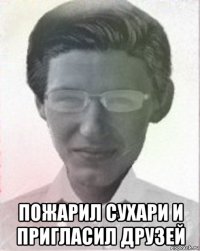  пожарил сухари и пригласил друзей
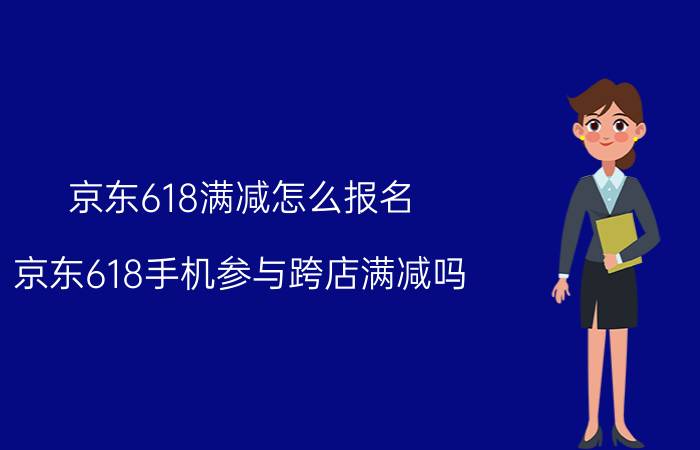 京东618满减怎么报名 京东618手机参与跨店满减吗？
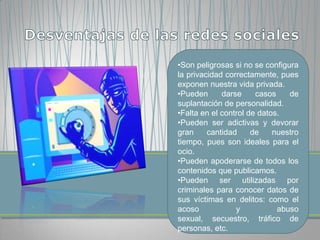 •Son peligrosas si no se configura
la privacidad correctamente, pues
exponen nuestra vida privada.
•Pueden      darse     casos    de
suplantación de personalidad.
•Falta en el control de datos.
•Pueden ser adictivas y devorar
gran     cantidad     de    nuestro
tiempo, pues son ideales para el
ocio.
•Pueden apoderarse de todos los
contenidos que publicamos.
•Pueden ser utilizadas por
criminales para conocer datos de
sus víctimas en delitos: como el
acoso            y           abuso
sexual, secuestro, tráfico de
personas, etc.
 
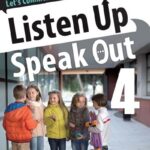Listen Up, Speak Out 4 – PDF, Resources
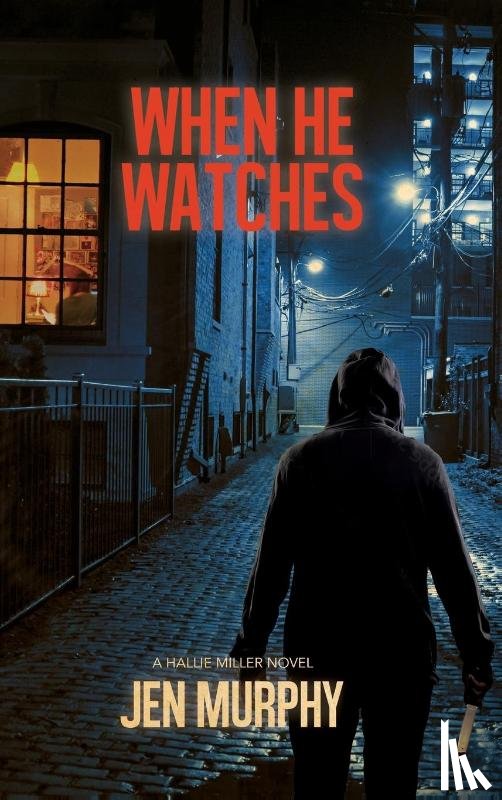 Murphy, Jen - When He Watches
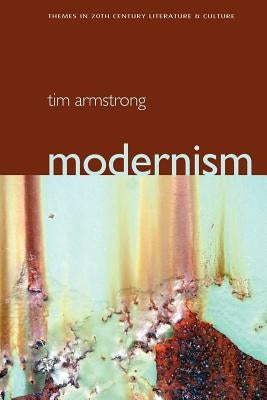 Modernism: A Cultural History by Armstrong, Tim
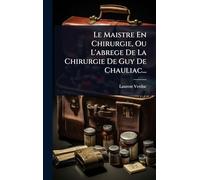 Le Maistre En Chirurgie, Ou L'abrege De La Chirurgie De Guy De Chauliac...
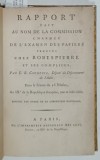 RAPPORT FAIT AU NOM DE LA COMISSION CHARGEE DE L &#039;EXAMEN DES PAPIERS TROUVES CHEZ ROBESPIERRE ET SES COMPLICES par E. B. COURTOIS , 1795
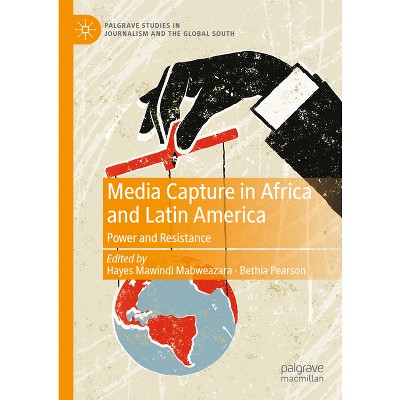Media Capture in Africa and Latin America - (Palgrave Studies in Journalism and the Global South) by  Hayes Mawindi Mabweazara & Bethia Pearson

# [Task directions]
Retype the records verbatim, but not their images.

# [Output below]
  пожарил сухари и пригласил друзей
 京东618满减怎么报名 京东618手机参与跨店满减吗？
 •Son peligrosas si no se configura
la privacidad correctamente, pues
exponen nuestra vida privada.
•Pueden      darse     casos    de
suplantación de personalidad.
•Falta en el control de datos.
•Pueden ser adictivas y devorar
gran     cantidad     de    nuestro
tiempo, pues son ideales para el
ocio.
•Pueden apoderarse de todos los
contenidos que publicamos.
•Pueden ser utilizadas por
criminales para conocer datos de
sus víctimas en delitos: como el
acoso            y           abuso
sexual, secuestro, tráfico de
personas, etc.
 
Listen Up, Speak Out 4 – PDF, Resources
 Murphy, Jen - When He Watches
 Modernism: A Cultural History by Armstrong, Tim
 Le Maistre En Chirurgie, Ou L'abrege De La Chirurgie De Guy De Chauliac...
 RAPPORT FAIT AU NOM DE LA COMISSION CHARGEE DE L &#039;EXAMEN DES PAPIERS TROUVES CHEZ ROBESPIERRE ET SES COMPLICES par E. B. COURTOIS , 1795
Media Capture in Africa and Latin America - (Palgrave Studies in Journalism and the Global South) by  Hayes Mawindi Mabweazara & Bethia Pearson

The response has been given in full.